Sharpe is hopeful, however, that the Glenbow’s summer exhibition, The Optimism of Colour — a major retrospective of the Saskatchewan-based artist — will help turn that around by shedding some light on one of our nation’s most under-celebrated gems.
Originating at the Mendel Art Gallery in Saskatoon, The Optimism of Colour has travelled to Kamloops Art Gallery and has now made its way to Calgary, featuring over 60 works from Perehudoff’s impressive six-decade career.
Characterized by bold and expansive areas of colour, superimposed on a stained, watercolour-like background, Perehudoff’s paintings are eye candy. Simple geometry is prevalent in his works, but his compositions are anything but.
Reportedly, he preferred paintings imbued with “a kind of pulse,” meaning that the visual elements interact with one another in stimulating ways. His paintings certainly achieve that through unexpected combinations of hue, tonality and intensity. Spontaneous and constrained all at once, his works are akin to the uninhibited art of children in that they are intuitive, but upon closer inspection it is clear he had unequivocal mastery over his medium. His strokes suggest a rarely exhibited control and conviction.

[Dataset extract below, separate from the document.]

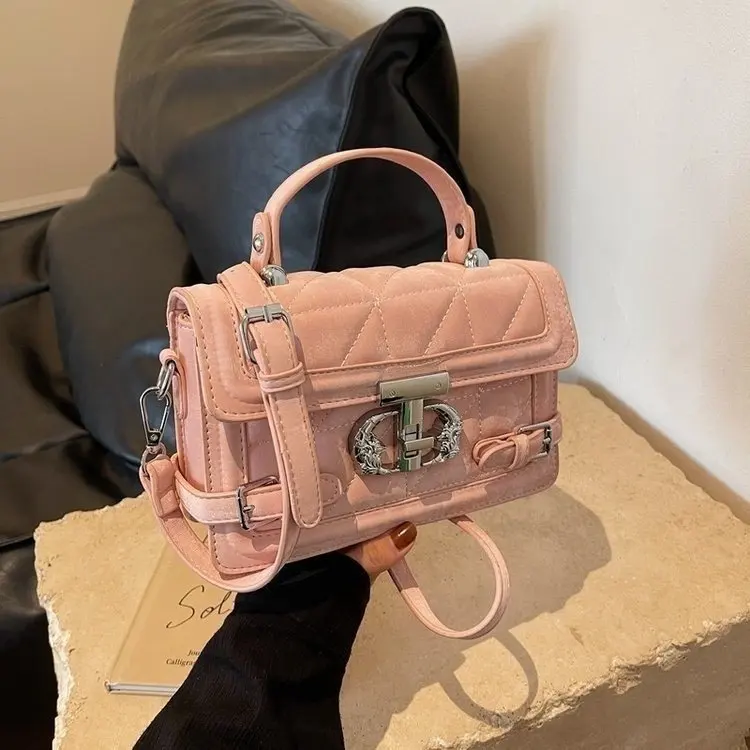

2026 New Fashion Single Shoulder Bag, Popular High-end Niche Design, Trendy Minimalist Crossbody Commuter Small Square Bag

The sheer scale of his works alone is mesmerizing. Sharpe says that even though the Glenbow is expansive, it’s still not an ideal venue, but recommends venturing up close (right before the security guard scolds you) and imagining what it must have been like to paint them.
“I tell people who are intimidated by modern art, ‘This is your man!’” Sharpe says. “He just really loved colour.”
So how does an untrained painter who spent most of his adult life in a rural environment, worlds away from creative centres, become championed, not just in the Prairie region, but across Canada and internationally?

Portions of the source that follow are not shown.